Given records
+ + + + +
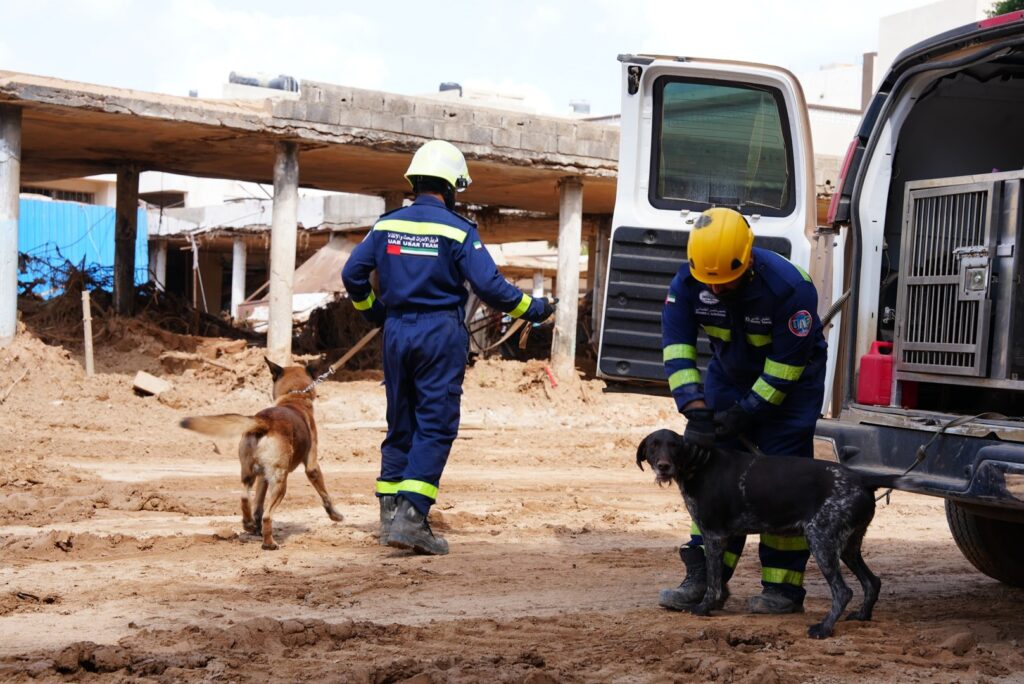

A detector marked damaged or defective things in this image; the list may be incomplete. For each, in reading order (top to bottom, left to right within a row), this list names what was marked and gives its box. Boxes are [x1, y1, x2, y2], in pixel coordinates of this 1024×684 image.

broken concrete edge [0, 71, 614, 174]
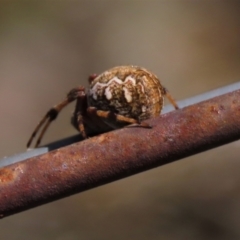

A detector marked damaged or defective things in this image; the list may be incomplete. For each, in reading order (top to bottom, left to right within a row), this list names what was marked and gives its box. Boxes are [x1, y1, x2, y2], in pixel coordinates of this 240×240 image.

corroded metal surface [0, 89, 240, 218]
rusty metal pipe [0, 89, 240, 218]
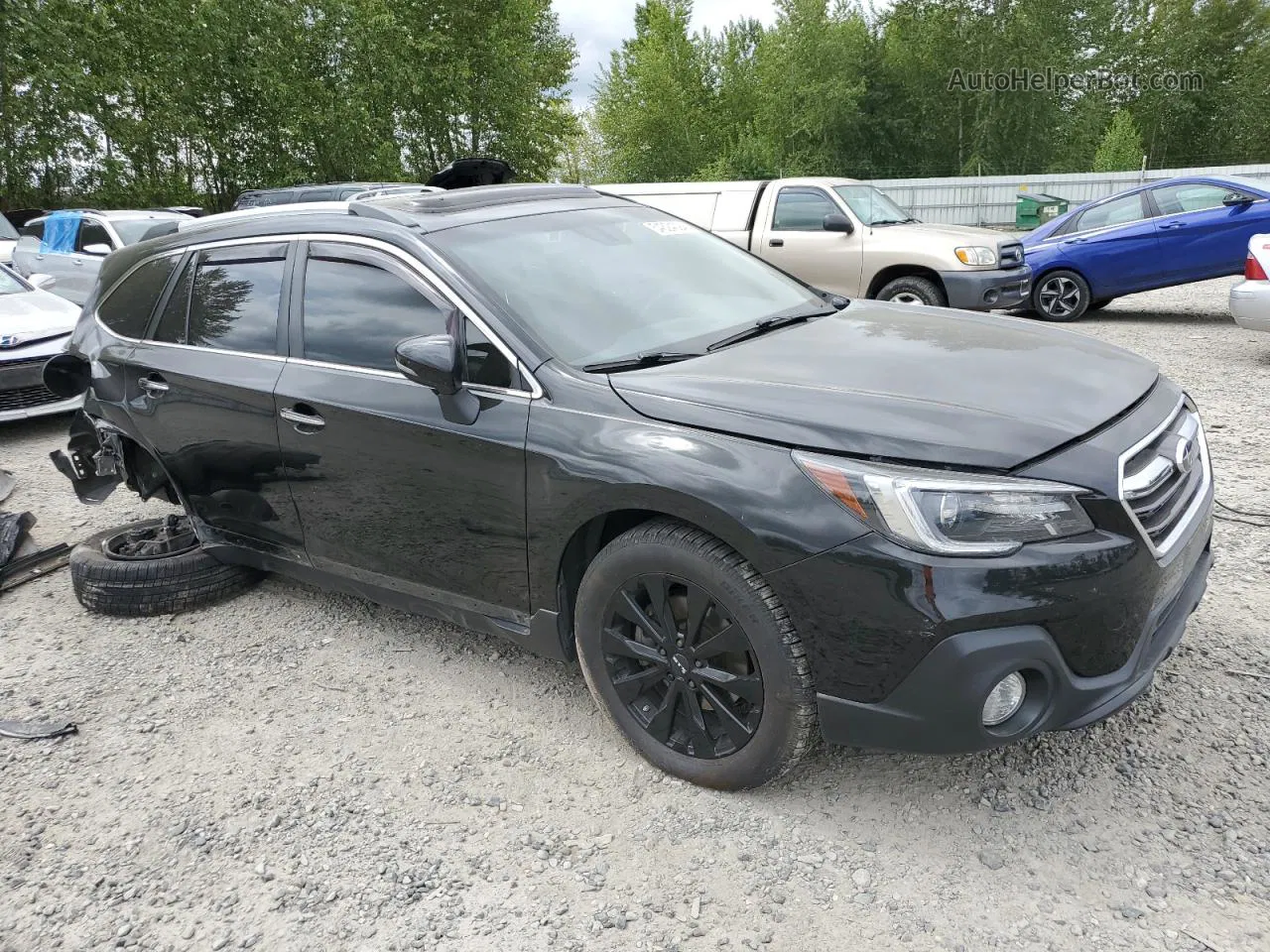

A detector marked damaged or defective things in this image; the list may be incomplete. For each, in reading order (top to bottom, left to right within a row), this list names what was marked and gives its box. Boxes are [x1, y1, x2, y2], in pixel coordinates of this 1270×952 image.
+ + + + +
Omit every picture while transcribing the records above exactly.

Answer to this problem
A detector marked damaged or defective things in this image; the list may be incomplete. For each, in reading order (top to bottom, left to right within a row), this list names what was marked and gives its box. Boxes are [x1, y1, x2, y2], in pixel coordinates of this 1024×684 image.

broken concrete edge [0, 71, 614, 174]

A detector marked damaged or defective things in this image; the list may be incomplete. For each, in reading order (top to bottom, left to right within a row), this list names what was marked and gives its box. Boxes are [x1, y1, x2, y2], in pixel coordinates of this 240×240 image.

corroded metal surface [0, 89, 240, 218]
rusty metal pipe [0, 89, 240, 218]

A detector marked damaged or defective things in this image; the list may be incomplete. For each, in reading order (top to bottom, left to right within a row), this list names what was marked and gives its box. Boxes are [x1, y1, x2, y2], in pixel coordinates of this 1270×952 image.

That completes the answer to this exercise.